> _DIRECTIONS_
Your task is to copy the lines from the line containing "this 250×188 image." through the end of the listing below, both included, without any pictures.

> _RECORDS_

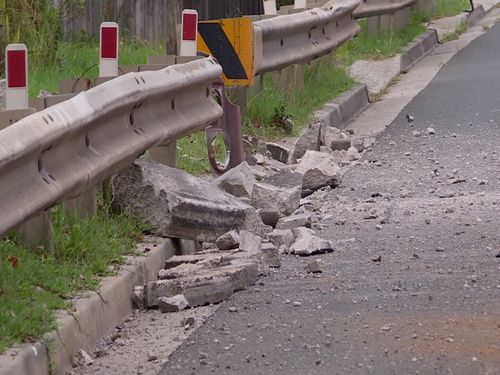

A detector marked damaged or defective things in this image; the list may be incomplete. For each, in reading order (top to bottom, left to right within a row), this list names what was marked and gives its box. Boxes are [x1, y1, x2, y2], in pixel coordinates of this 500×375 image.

rusted guardrail section [352, 0, 418, 18]
rusted guardrail section [254, 0, 360, 75]
rusted guardrail section [0, 57, 223, 236]
broken concrete slab [111, 157, 248, 242]
broken concrete slab [214, 163, 256, 201]
broken concrete slab [294, 151, 342, 194]
cracked asphalt [159, 22, 500, 374]
broken concrete slab [215, 231, 240, 251]
broken concrete slab [276, 213, 310, 231]
broken concrete slab [157, 296, 188, 312]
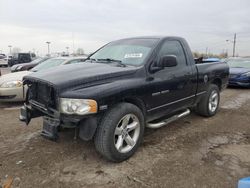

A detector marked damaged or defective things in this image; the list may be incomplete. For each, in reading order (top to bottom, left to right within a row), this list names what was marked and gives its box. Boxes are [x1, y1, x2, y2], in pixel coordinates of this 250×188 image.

damaged vehicle [20, 36, 229, 162]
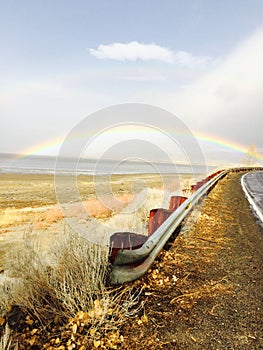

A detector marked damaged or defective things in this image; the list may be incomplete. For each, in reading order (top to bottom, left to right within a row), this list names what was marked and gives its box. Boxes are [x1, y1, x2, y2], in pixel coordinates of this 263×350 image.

rusty guardrail section [110, 167, 263, 284]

> _EXERCISE RESPONSE_
A detector marked damaged or defective things in this image; the list may be incomplete. For each, in reading order (top to bottom, left to right within a row), this list names what was marked and gives its box. Boxes are [x1, y1, x2, y2], in pixel coordinates of this 250×188 image.

damaged vehicle [20, 36, 229, 162]

A detector marked damaged or defective things in this image; the list may be incomplete. For each, in reading order (top to bottom, left to right within a row), this list names what was marked and gives its box. Boxes are [x1, y1, x2, y2], in pixel coordinates of this 263×350 image.

rusty guardrail section [110, 167, 263, 284]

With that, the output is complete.